I’ve started to write again. I wrote a lot in my teens and early twenties. I threw many of my pre-New York City, 1998 journals away in a dramatic fury where I also threw away my high school yearbooks and a whole lot of artwork. I was trying to free myself for the next chapter in my life, getting the fuck out of Chicago and moving to New York.
New York, the place I’ve always wanted to be. When I think about my desire to move to New York I imagine myself as a child, staring out the window on a rainy day and singing the 1970’s slow jam “Feelings”
Nothing more but feelings
I look through my window waiting for someone to sing me a song.
I would gaze longingly out that window at the gravel in the driveway and the big tree in mean Mr. Gates’ yard. Mr. Gates had tried to sue my mom after he slipped on some ice on the sidewalk running in front of our house. My older brother, who at the time must have been about 11 or 12 had shoveled the walk and missed the ice. Mr. Gates tried to sue us, but you can’t get much from a single mom on welfare so he must have decided not to follow through on his threats.
I longed to get away from Mr. Gates and the couple who owned Irwin’s in uptown Marion where they sold men’s clothing and Marion Indians High School t-shirts and matching shorts and socks in red and yellow. I loathed them after they snapped at my brother and I to only take one candy bar from the dish on Halloween. We were always treated like greedy, greasy, stupid poor people, but I knew we were smarter than they were. We just did things differently.
But who knows if any of this actually happened? I was watching a show recently on Netflix about how the mind works and It’s made me question nearly every event in my life. The neuroscientists on the show basically said that you can’t trust your memories and that memories are really only there to keep you moving forward in life. They used as an example a man who had lost the part of his brain that kept long term memories when a doctor accidentally removed it during brain surgery. Whenever they asked him if he had any plans for the coming days he would answer in a confused and lethargic tone that he had no future plans. However, I may be remembering this all wrong, so you should probably just watch the show. I think it’s called How the Mind Works.

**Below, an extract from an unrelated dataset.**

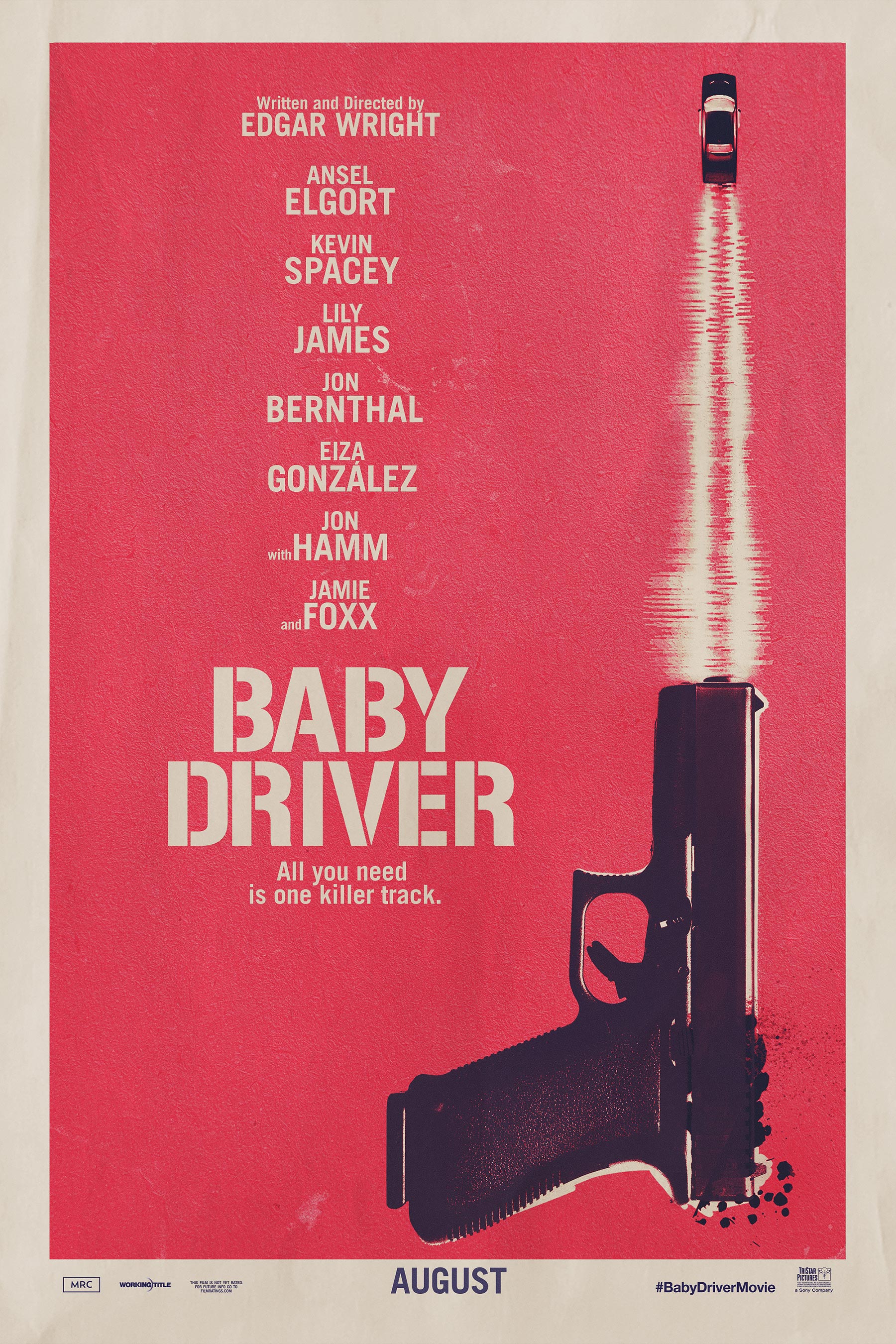 poster de Baby Driver d'Edgar Wright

I can’t be sure about anything anymore so I’m acting solely on my feelings.
I started to write a piece about how when I was in my teens, I was sure I would become a writer and then that piece of writing veered into writing about my mother writing and here it goes again. My mom used to write everything on an email machine because she couldn’t afford a computer. She wrote a newsletter called Happy Housewifery and both in an attempt to sound like she lived on a mountain top in weather worn shack and to save room in an email format that only allowed for a certain number of words, she would remove the letters O and L from any word usually needing an “OUL”. For example, should became “shud” and could “cud.” She did all of this while homeschooling my three youngest siblings making them study by candlelight while pretending to be pioneers in the old west until my dad would finally growl “ok, pioneer day is over. I’m turning on the tv.”
My dad put up with a lot from my mom and my mom from my dad. In fact, he was far worse than her, so he really deserved at least a year worth of pioneer day and no tv for at least ten years.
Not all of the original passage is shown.